She said that if I was interested, I could attend the elaborate ritual for Navratri at the Mehrangarh Fort on the other side of Jodhpur, above the blue-painted city, a hilltop garrison so imposing, Rudyard Kipling called it "the work of angels and giants." The puja—prayer ceremony — would be led by priests and members of the maharajah's family, the maharani, and the maharajah himself.

"Essential to propitiate goddess Durga, because of solar eclipse," the woman said.

The ritual would mark the start of the nine days of fasting and praying. And some people ("in the villages," as smug city-dwelling Indians liked to point out) would be sacrificing a goat.

"Burning it?"

"No. Cut off head of goat. Let blood flow"

One very hot day in Jodhpur, I followed the procession of Rajput royalty to the steep-sided fort and across its ramparts. The Durga temple (the traditional family temple of the Jodhpur royals) at the fort was an old one — the fort itself dates from the mid-fifteenth century — and it was mobbed with devotees and semi-hysterical subjects of the maharajah, a living connection to the sun diety.

Following him in the heat of this sun-struck fort was a shuffling mass of people with flutes, bells, gongs, drums, and garlands of flowers, all of them chanting, "Durga Mata ki jail" — Praise to Mother Durga.

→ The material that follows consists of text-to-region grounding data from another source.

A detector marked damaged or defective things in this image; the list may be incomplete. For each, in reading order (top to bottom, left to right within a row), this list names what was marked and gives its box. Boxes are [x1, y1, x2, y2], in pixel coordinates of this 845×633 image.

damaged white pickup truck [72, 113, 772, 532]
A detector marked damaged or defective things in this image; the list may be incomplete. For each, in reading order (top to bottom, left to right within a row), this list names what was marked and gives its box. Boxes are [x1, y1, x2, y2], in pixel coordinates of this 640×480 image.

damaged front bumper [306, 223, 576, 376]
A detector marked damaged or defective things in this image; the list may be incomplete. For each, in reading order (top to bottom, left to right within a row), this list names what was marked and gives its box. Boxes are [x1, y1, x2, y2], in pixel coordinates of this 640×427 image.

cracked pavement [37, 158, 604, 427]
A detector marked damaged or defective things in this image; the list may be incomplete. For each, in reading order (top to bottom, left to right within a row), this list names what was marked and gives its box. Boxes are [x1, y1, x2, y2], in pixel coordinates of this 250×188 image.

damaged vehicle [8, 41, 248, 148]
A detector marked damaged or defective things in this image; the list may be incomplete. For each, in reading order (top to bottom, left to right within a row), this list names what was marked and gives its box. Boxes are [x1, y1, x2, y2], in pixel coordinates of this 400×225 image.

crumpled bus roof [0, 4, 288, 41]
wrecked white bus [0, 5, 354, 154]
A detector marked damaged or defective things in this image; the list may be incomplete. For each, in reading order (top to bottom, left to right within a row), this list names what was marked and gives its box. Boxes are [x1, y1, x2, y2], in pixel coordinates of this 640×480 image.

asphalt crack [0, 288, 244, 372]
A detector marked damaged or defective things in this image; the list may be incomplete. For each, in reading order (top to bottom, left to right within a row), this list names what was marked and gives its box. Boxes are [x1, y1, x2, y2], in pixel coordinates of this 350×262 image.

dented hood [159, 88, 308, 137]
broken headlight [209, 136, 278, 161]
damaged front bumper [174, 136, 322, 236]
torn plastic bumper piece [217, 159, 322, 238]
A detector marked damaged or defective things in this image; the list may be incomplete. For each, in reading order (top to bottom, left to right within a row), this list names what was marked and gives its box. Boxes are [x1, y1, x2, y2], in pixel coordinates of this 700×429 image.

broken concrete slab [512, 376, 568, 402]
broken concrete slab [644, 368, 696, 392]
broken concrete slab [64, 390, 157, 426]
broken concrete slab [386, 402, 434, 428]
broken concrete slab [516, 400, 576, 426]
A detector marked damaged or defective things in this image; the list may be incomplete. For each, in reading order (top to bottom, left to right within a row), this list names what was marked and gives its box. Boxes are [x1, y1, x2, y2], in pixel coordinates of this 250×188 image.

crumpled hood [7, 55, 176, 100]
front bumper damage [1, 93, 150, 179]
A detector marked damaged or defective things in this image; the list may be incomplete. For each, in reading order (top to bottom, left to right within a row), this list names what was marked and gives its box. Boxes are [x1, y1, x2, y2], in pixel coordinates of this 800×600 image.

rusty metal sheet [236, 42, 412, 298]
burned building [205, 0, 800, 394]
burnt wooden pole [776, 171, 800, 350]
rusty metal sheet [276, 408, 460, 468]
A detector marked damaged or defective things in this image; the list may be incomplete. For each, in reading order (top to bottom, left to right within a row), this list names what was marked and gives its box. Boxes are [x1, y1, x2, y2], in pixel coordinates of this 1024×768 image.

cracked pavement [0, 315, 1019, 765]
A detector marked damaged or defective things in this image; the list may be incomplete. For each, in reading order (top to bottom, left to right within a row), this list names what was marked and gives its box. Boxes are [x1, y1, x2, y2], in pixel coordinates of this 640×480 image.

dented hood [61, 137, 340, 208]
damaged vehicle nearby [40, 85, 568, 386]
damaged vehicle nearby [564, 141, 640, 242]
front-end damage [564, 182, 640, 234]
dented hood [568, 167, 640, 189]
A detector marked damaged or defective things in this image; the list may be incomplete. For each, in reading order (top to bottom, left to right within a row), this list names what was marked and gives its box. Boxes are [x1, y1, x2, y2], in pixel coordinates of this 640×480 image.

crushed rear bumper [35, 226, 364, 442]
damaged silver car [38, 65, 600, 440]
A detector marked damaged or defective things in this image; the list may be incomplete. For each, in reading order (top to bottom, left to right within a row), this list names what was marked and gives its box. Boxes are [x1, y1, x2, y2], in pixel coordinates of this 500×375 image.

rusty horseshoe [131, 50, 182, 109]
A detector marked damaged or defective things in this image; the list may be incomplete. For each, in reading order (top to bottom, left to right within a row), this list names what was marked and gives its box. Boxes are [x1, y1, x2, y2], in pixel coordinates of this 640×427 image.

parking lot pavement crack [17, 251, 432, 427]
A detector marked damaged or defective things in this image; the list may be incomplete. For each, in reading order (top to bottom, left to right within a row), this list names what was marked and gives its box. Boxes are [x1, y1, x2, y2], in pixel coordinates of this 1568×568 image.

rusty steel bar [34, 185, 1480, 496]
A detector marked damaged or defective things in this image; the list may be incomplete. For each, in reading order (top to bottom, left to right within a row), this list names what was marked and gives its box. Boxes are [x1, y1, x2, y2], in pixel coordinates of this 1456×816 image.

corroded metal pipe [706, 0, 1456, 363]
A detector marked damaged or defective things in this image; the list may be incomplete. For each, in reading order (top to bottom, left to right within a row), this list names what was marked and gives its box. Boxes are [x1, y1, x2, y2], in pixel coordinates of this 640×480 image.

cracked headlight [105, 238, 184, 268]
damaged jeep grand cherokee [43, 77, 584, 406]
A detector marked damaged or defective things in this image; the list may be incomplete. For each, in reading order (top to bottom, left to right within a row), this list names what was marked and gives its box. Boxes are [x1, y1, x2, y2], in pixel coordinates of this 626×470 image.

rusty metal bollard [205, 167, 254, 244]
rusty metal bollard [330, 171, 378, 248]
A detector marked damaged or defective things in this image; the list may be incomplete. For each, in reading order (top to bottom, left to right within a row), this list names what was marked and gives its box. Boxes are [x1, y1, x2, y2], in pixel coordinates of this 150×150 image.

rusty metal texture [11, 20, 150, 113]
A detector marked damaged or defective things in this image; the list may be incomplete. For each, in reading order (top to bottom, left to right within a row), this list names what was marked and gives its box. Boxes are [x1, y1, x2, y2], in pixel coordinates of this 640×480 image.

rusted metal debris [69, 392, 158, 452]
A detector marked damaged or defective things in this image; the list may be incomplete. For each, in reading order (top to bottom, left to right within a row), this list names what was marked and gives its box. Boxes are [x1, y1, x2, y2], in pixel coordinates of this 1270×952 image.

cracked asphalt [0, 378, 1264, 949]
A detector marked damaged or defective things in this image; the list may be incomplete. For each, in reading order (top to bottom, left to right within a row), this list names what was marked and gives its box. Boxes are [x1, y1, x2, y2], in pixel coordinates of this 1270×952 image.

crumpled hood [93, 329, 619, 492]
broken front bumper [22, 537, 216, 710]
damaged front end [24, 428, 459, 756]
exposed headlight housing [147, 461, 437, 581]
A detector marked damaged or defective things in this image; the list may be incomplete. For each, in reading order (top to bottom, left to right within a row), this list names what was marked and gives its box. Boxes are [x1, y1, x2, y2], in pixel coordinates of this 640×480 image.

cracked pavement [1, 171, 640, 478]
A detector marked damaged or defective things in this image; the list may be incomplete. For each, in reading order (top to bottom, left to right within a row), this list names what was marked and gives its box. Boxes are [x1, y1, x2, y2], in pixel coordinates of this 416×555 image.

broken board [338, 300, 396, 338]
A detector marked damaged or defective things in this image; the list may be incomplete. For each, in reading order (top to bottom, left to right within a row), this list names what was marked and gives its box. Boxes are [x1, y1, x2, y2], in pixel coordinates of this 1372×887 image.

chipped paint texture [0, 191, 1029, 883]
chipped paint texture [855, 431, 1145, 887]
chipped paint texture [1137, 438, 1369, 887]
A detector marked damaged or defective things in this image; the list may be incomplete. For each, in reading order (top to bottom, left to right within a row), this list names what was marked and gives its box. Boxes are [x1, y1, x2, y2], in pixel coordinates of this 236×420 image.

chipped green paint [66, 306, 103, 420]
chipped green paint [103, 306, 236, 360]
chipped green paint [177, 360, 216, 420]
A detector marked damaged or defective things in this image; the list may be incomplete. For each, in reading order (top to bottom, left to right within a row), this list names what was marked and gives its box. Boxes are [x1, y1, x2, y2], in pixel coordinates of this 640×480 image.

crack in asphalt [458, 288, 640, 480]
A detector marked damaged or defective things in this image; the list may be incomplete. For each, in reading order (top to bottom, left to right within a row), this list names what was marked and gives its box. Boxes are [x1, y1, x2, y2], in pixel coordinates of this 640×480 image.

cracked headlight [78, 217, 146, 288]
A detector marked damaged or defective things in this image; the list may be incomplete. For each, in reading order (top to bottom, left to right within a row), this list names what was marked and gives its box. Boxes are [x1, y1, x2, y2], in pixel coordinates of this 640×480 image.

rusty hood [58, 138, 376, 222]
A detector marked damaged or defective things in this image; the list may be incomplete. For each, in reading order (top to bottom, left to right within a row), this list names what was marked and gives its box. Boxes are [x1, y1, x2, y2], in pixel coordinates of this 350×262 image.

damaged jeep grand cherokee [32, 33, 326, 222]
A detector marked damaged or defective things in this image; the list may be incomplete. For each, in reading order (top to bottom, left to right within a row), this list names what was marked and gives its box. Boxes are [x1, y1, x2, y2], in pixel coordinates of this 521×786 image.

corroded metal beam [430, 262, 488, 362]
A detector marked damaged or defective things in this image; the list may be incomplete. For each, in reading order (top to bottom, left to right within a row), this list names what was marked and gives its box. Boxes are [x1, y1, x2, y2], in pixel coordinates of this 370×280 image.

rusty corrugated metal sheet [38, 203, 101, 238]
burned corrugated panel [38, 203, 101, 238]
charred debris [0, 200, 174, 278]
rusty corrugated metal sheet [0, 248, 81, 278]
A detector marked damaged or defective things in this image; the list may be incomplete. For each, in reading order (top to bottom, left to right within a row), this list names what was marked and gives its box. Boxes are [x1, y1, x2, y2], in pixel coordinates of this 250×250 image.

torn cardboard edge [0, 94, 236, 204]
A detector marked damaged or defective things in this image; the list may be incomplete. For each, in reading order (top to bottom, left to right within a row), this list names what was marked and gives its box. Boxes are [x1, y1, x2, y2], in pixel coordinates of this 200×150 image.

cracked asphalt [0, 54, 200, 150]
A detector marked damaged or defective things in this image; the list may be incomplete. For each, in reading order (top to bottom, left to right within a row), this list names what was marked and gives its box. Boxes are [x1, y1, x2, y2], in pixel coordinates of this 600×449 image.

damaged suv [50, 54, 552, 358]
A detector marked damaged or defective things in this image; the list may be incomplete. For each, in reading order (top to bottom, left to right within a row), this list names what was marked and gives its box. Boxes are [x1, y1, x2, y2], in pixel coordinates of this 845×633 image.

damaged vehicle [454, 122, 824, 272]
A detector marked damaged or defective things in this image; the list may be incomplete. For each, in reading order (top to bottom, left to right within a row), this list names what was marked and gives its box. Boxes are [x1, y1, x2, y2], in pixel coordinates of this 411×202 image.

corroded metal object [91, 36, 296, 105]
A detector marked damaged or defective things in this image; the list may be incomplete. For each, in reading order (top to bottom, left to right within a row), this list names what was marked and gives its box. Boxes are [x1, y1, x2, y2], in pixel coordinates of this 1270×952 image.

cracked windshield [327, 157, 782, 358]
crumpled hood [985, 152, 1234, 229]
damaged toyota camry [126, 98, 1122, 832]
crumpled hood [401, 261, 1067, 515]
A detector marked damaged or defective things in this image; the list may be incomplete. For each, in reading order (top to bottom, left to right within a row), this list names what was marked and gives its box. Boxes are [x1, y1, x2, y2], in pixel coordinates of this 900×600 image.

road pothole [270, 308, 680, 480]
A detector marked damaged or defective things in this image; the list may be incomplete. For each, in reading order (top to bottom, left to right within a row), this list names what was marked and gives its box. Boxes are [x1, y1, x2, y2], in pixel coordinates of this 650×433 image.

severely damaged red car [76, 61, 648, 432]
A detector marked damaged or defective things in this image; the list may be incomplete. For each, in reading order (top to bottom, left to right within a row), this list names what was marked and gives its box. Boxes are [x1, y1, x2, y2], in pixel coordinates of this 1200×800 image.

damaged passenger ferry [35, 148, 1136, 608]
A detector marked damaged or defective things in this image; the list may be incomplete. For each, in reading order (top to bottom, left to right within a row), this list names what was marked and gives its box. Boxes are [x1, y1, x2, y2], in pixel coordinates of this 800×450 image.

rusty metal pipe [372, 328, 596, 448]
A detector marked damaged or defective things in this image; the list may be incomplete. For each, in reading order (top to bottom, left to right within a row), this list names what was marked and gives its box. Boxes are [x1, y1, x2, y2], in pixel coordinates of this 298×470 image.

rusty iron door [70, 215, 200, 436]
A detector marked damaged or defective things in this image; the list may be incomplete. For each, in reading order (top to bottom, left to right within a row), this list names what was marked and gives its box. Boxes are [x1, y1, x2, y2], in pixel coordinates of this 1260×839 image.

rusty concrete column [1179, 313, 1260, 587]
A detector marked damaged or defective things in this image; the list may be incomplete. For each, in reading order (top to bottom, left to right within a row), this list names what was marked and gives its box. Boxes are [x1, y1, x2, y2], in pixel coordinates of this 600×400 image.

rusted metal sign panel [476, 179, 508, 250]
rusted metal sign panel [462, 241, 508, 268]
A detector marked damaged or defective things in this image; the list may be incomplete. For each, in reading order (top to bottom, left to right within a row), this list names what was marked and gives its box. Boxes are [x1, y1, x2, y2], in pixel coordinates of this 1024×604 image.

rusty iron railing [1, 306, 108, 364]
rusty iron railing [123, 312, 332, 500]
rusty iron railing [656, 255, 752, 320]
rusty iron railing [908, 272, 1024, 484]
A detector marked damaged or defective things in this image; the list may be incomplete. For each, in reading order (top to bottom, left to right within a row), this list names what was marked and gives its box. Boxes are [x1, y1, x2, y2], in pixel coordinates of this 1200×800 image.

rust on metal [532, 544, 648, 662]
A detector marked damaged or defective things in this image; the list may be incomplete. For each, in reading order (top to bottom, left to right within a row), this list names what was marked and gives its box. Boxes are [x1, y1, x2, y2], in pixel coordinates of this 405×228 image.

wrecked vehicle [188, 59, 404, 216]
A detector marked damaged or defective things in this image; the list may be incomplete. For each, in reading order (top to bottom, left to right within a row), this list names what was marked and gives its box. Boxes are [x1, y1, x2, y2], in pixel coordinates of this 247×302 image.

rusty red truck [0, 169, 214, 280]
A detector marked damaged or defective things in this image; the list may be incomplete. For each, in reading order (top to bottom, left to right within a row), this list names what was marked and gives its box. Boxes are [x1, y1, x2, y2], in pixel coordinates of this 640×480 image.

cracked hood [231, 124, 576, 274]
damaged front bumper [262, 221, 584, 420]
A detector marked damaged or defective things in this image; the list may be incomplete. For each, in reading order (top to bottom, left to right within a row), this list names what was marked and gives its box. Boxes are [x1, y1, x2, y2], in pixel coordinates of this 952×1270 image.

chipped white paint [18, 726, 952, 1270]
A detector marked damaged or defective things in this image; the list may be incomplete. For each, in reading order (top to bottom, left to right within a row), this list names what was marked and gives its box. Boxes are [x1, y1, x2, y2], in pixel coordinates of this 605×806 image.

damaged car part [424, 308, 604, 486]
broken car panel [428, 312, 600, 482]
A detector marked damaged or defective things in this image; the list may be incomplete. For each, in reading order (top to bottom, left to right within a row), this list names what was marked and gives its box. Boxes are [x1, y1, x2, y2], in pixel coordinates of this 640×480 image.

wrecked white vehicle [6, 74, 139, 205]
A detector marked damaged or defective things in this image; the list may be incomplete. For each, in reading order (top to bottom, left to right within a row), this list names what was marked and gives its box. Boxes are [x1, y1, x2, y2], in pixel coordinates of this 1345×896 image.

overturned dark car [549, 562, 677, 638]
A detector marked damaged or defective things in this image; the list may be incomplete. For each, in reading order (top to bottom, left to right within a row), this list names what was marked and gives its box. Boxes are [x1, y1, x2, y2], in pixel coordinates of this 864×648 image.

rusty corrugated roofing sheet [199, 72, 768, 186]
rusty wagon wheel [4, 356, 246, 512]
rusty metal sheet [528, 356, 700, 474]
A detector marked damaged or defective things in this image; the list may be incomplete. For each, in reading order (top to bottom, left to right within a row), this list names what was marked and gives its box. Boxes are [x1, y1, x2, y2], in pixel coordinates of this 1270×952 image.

Ritual is important to me, not for its dubious sanctity, but because it is a set of gestures that reveals the inner state of the people involved and their subtle protocol. From under an awning I strained to see the ceremony, the mutterings, the water splashings, the prostrations. The priests were both submissive and self-important, attending to the maharajah, who was performing the puja under the gaze of his loyal and chanting subjects. Here, an element of theater was added to an element of devotion.

The most painful moment was the arrival of the maharajah's son Shivraj Singh, the Yuvraj of Jodhpur and heir apparent. There were whispers that he might at last show himself, and this stirred a great intensity of anticipation, because he was known to have been severely injured.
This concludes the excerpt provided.